Okay, I know I just posted for the first time in a couple of weeks, but I could use some encouragement. I just got off the phone after 2 hours of conversation with my friend, the one who's in her second marriage but is hopelessly in love with another man, and is devastated because OM no longer wants her. Yeah, we are having SO much fun trying to find common ground for discussion these days.
Anyway, most of the conversation revolved around her and OM, but she mentioned in passing something about conversations she had had recently with my H (she doesn't tell either of us much about what the other is saying--that's how she manages to stay friends with us both). She told me that my H says things to her like, "Well, up until a month ago, I would have been willing to do such and such, but now I'm not so sure" (referring to something or other about our M). See, this is why it is easier for me not to have any contact with him. I haven't heard anything out of his mouth to truly give me any hope or encouragement since the very beginning of all of this. If he says something positive, it's weighed down by so many negatives that it drowns.

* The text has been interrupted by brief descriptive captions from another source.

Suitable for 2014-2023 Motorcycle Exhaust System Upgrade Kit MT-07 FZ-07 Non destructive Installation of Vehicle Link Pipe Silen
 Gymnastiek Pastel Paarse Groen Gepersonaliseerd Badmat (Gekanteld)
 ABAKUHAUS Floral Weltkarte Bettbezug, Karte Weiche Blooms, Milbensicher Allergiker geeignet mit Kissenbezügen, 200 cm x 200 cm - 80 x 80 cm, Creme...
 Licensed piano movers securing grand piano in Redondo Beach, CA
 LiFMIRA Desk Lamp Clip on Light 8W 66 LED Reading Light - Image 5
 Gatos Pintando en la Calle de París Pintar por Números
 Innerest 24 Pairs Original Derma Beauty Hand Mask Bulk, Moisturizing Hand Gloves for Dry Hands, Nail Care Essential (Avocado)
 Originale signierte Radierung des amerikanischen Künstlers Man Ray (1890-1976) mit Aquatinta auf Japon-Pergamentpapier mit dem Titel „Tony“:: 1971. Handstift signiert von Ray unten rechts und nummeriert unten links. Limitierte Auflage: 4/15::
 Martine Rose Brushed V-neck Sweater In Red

It didn't help that my friend (who is very religious, to a point that I think of as hypocrisy because of her M/EA background) sort of insisted on starting a dispute with me about whether Jesus is okay with D when one's spouse has committed adultery (she, of course, believes he approves of D for that reason because that was what happened to her first M...I strongly disagree with that interpretation but try not to make anyone feel judged). I really don't like arguments, especially on religion, but I've never been a great debater, no matter how firmly I believe something. I'm just not good at coming up with clear, persuasive arguments.
Okay, I will cut this short, as I need to get ready for my piano recital, but I would really appreciate being reminded of what I already know. Could I order some encouragement in the face of what I have heard that my H said about his attitude about our M?